*REQUIREMENT*.
Since pictures are not part of the copy, please output only the lines from the one with "Building Photo - Spacious Townhome!" through the end of the data below, exactly as written.

PROVIDED DATA: Begin

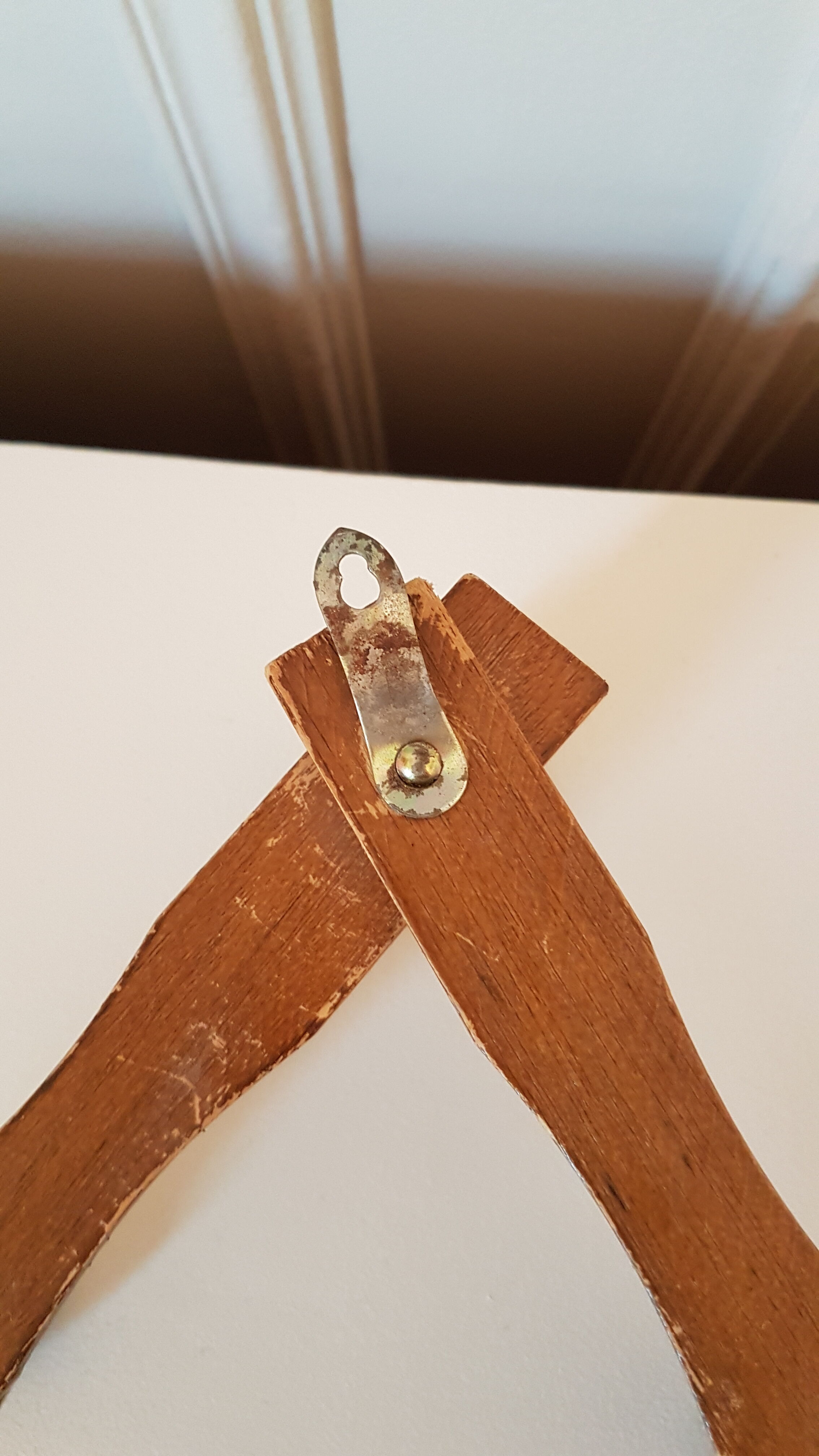 Extendable wooden hook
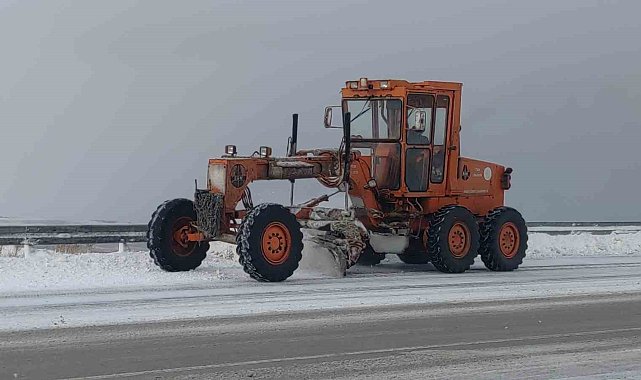 Van'da kar yağışı yüksek kesimlerde etkili oldu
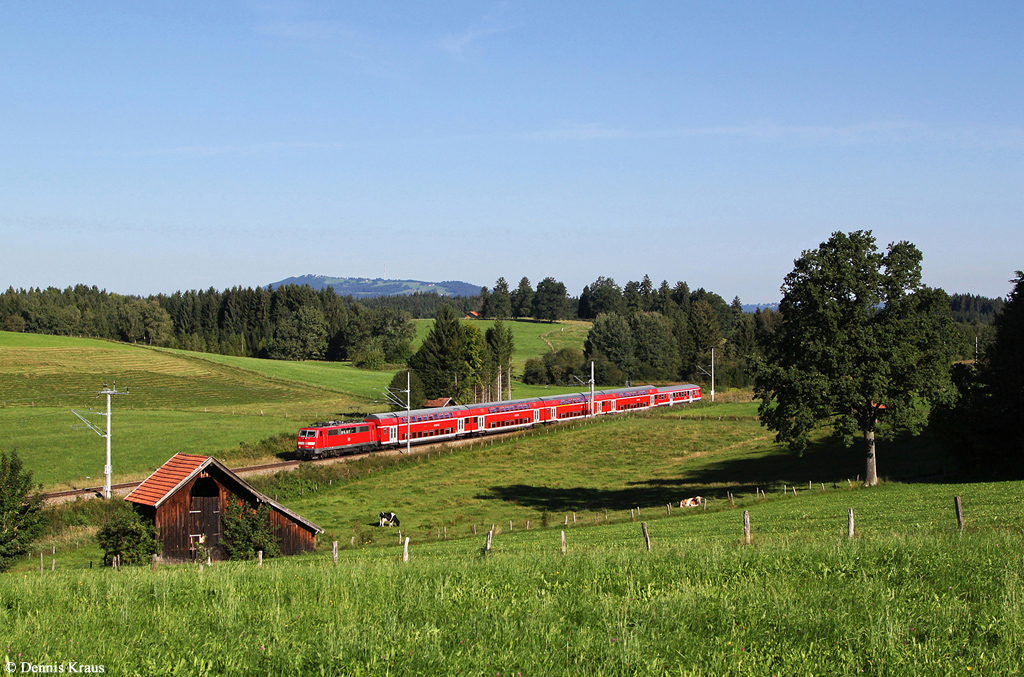 111 023 mit RE 59491 am 17.08.2014 bei Uffing.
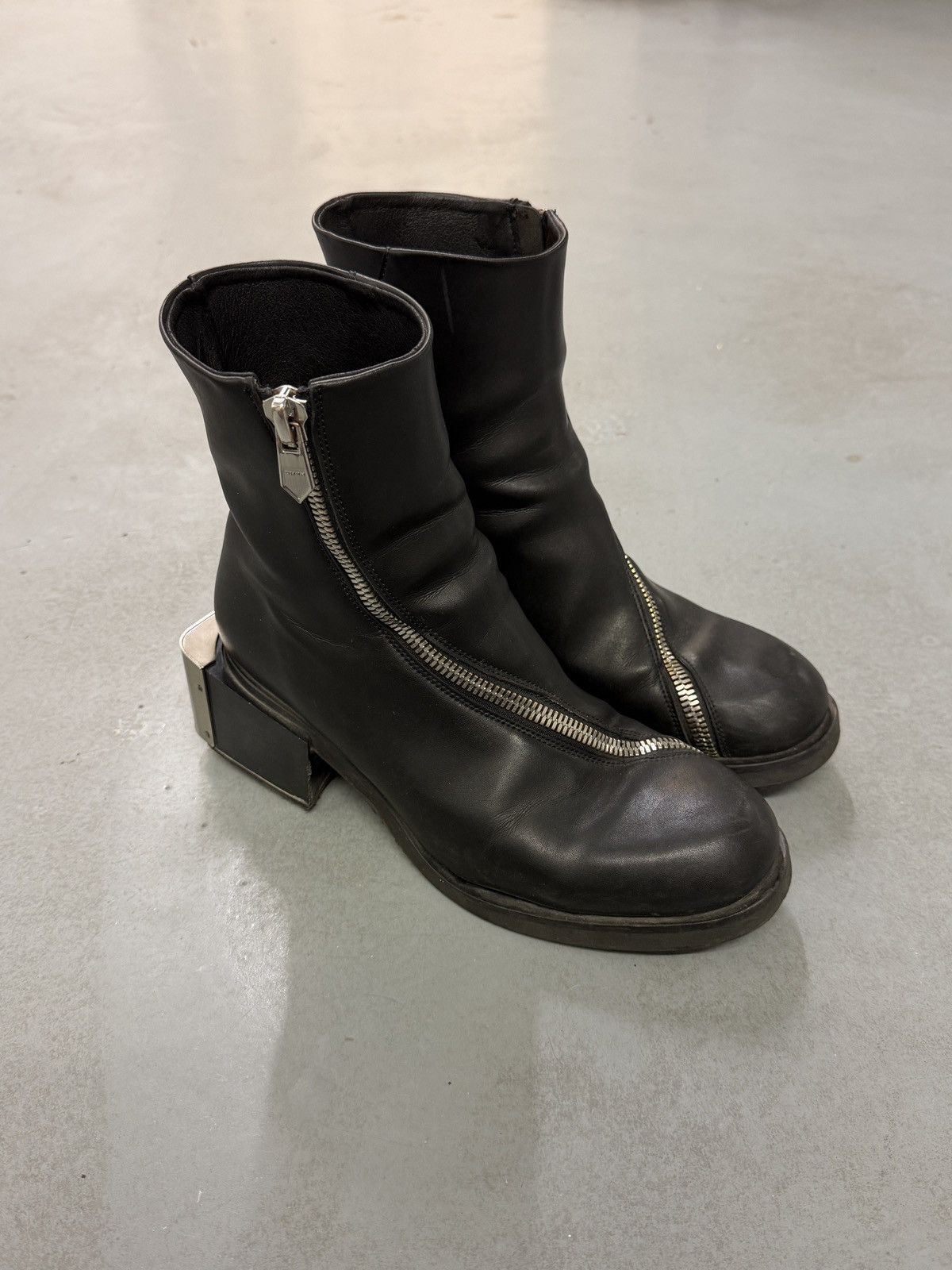 GmbH GmbH Asymmetric Zip Ankle Leather Boots Size US 7 / EU 40 - 1 Thumbnail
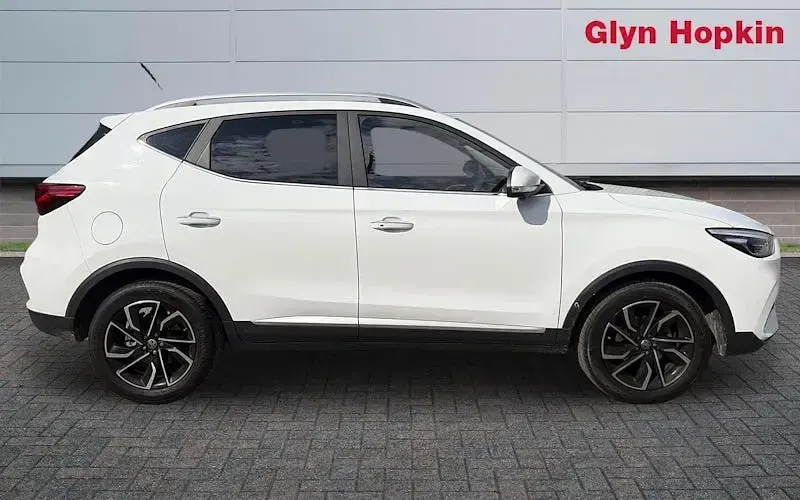 Używany MG ZS Exclusive 111 KM (81 kW) 2023 Biały SUV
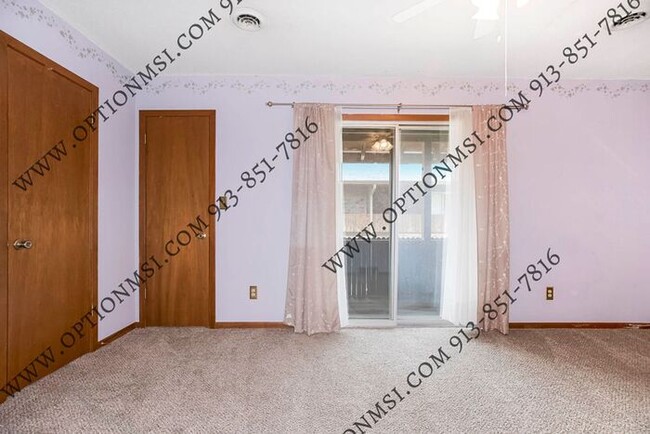 Building Photo - Spacious Townhome!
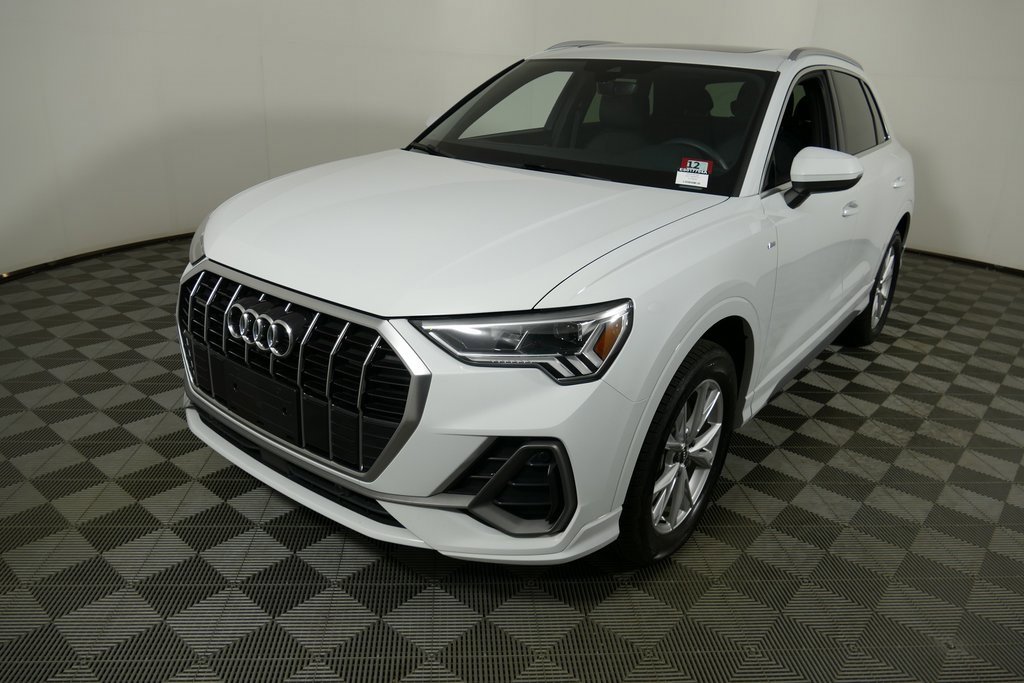 Used 2023 Audi Q3 2.0T Premium Plus w/ Premium Plus Package image 7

PROVIDED DATA: End

*ANSWER*.
 Building Photo - Spacious Townhome!
 Used 2023 Audi Q3 2.0T Premium Plus w/ Premium Plus Package image 7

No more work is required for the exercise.